**Aim of the task**
Output every line of the material exactly, omitting images.

**Recorded information**
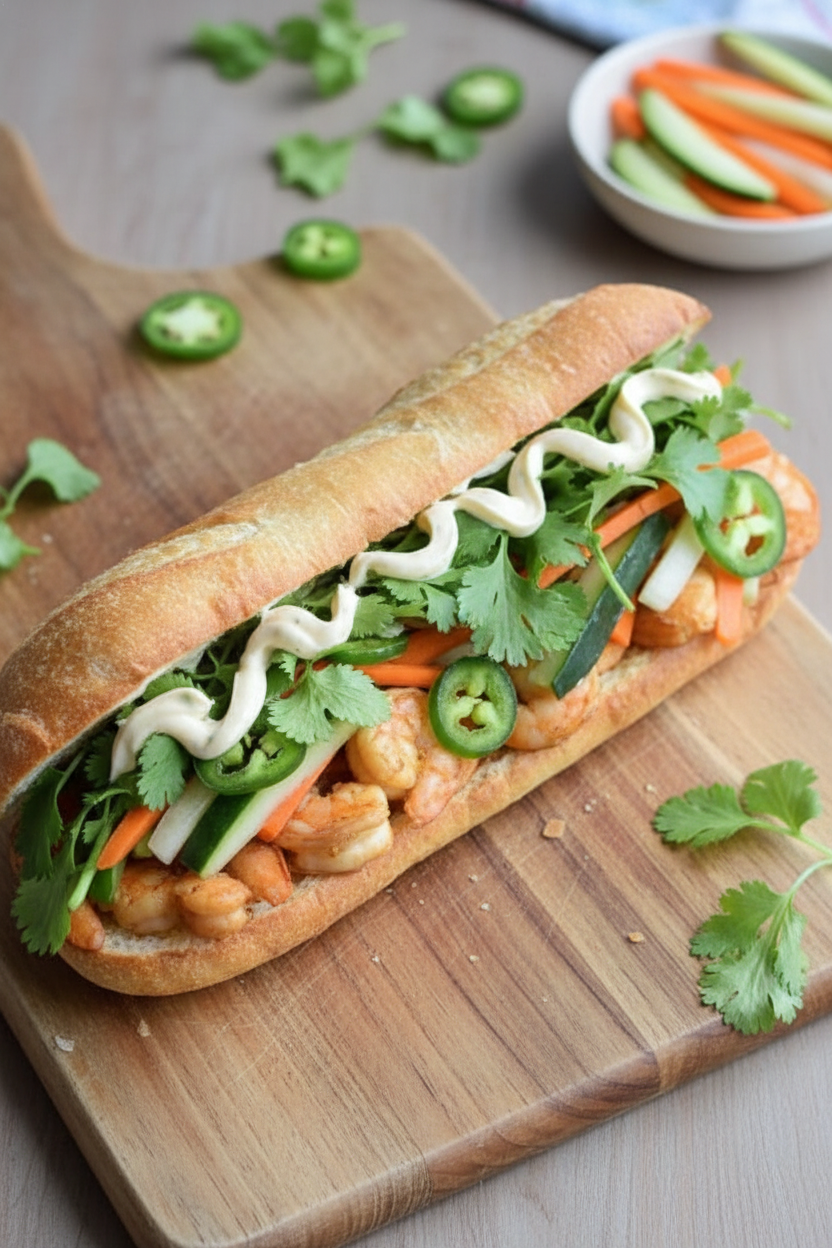 Shrimp Banh Mi with Quick Pickled Vegetables - The Schmidty Wife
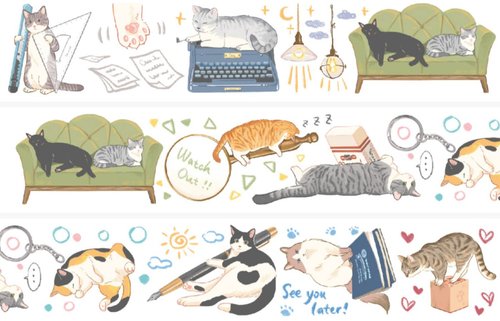 海外 PETテープ マスキングテープ 猫 マスキングテープ ねこズ – GXX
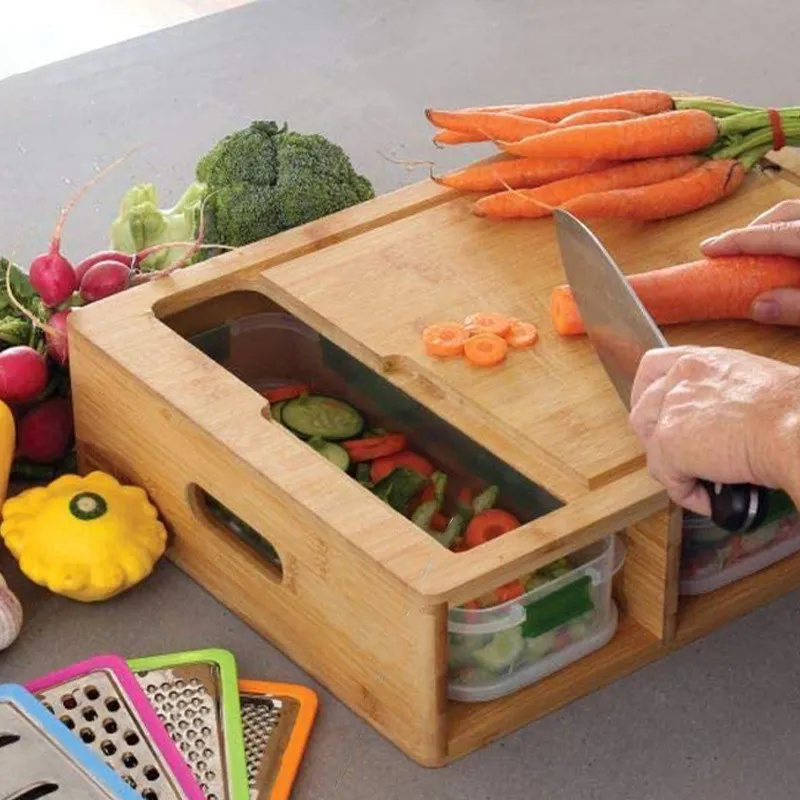 Bamboo Cutting Board Multi-Functional Chopping Board Comes with 4 Slicers and 4 Drawers with Trays and Lids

**Answer**
 Shrimp Banh Mi with Quick Pickled Vegetables - The Schmidty Wife
 海外 PETテープ マスキングテープ 猫 マスキングテープ ねこズ – GXX
 Bamboo Cutting Board Multi-Functional Chopping Board Comes with 4 Slicers and 4 Drawers with Trays and Lids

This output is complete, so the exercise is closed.